The biotope therefore represents the abiotic component of an ecosystem constituted by the soil or substrate, with its physical and chemical characteristics, by a determined microclimate (temperature, humidity, light and so on) but not considered separated from the biological component.
Biotopes can be of particular ecological importance when they cannot be reproduced elsewhere. In these cases the biotope can be of fundamental importance since its destruction or tampering involves the compromise of a particular biocenosis with consequent danger for the extinction of native species and races.
A distinction must also be made between biotope and habitat; a biotope is the physical space in which a community or biocenosis lives; a habitat is the physical space in which a species or an organism lives.
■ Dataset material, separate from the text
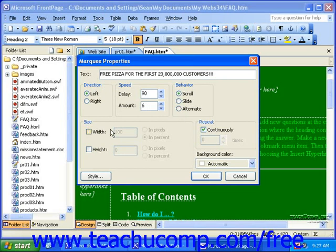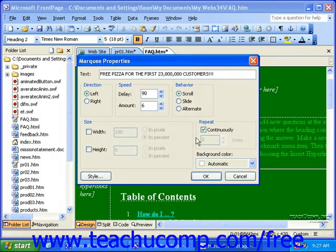You can also set the size in the Size section, but if you don't make any specifications here, the marquee will simply use the entire width of your screen. Then in the Repeat section, you can tell the marquee how many times to repeat. If you want to make sure it just keeps going, leave a check mark in continuously.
In turn, the distinction must be made between habitat and niche; niche indicates the role played by a species in the community by referring to the way it procures the energy and materials it requires for its survival.
Among the main biotopes we remember:
– Biotopes in an arid environment: these are typical of dry, arid areas with almost no vegetation. In these biotopes the temperatures are almost always high, and between day and night there are frequent remarkable thermal excursions;
– Watercourse biotopes: they are located near streams and springs. The presence of water affects biodiversity, in particular its clarity and purity which are fundamental factors for the flora and fauna of invertebrates;
– Riparian biotopes: a time of greater presence today these biotopes are very rare and reduced to a few hectares. The typical arboreal vegetation is represented by white and black alders, black and white poplar and white willow. Amphibians, birds and mammals also live there;
– Wet biotopes: these are found above all in the valley bottoms or in the highlands, they are full of water coming from the ground;
– Marine biotopes: consisting of rocks that contain within them mineral salts necessary for the survival of the biological community. Fish, seaweed and shells live there.